Chief among pic’s interviewees, Farrell, now a dance teacher, makes for a poised, articulate and fastidiously gracious commentator in recounting her career’s dramatic arc. She recalls that her mother, who harbored greater ambitions for her teenage daughter than Ohio could satisfy, uprooted them and moved to New York in 1960. Awarded a full scholarship at Balanchine’s American School of Ballet at 15, Suzanne was asked to join the New York City Ballet a year later.
Though 41 years her senior, Balanchine soon became infatuated with the lithe, doe-eyed ballerina. When she was 19, he cast her as Dulcinea in “Don Quixote,” in which he danced the demanding title role on opening night. The artistic partnership grew steadily from there.
Yet, as in “The Red Shoes,” romantic pressures eventually threatened disaster. Farrell allows that she considered suicide during the unhappiest period of her affair with Balanchine, who would not leave his marriage. Instead, she married fellow dancer Paul Mejia in 1969, precipitating a rupture with her mentor that lasted five years.
Farrell and Mejia spent that time in Europe dancing for Maurice Bejart’s Ballet of the 20th Century, while Balanchine suffered severe bouts of depression in New York. It was a fruitful period for Farrell as a dancer, and Bejart recalls crying when she said she was leaving, saying he knew her return to Balanchine was inevitable.
It was also triumphant. Reinvigorated by Farrell’s presence, the master choreographer entered his last great creative phase. Between 1975 and 1981 he created some of his most acclaimed dances for her, including “Tzigane,” “Davidsbundlertanze,” “Vienna Waltzes” and “Mozartiana.” Pic is rich with excerpts from these works, and although the images (frequently from kinescopes) are sometimes fuzzy and saddled with the cheesy set designs of old TV productions, the dances themselves bear glorious testimony to Farrell’s stunning skills and Balanchine’s mature genius.
Following Balanchine’s death in 1983 and her retirement in 1989, Farrell furthered his legacy as a coach and dance stager for the George Balanchine Trust. Pic includes segments of her rehearsing dancers for “Slaughter on Tenth Avenue,” “Diamonds,” “Chaconne” and other productions.

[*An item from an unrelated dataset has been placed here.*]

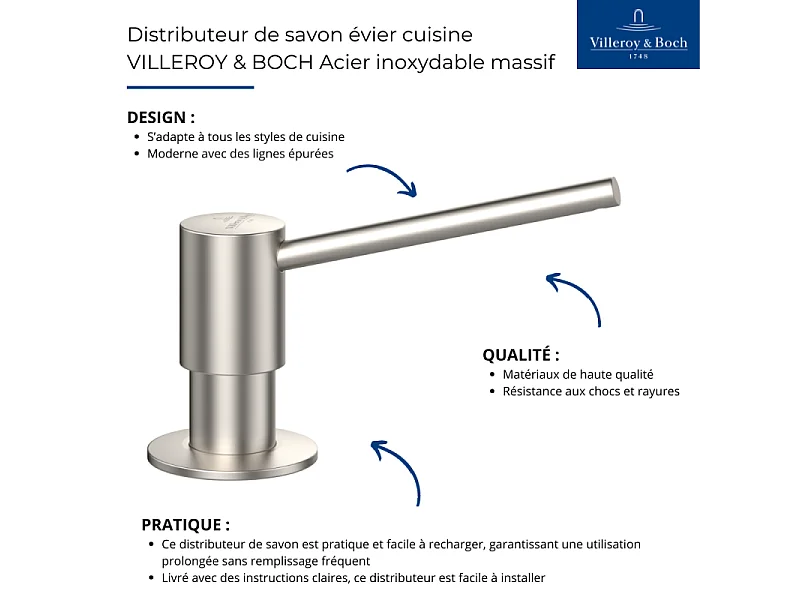 VILLEROY & BOCH Dispensador de jabón para fregadero Acero inoxidable macizo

While “Elusive Muse” smoothly integrates archival material and interviews with Farrell intimates, including her partners Arthur Mitchell and the genially loquacious Jacques d’Amboise, its emotional focus stays on her relationship with “Mr. B.” Farrell is at once candid and strategically tactful, but never accusatory. She clearly feels that their bond was one of mentor and muse, and that its difficulties were more than recompensed in art.
This romantic view of creativity, which gives the film a poignancy that’s ultimately very affecting, may sound wishful, but the dances seen here suggest it’s anything but: Their power is visible proof that extraordinary passions do produce exceptional works of art.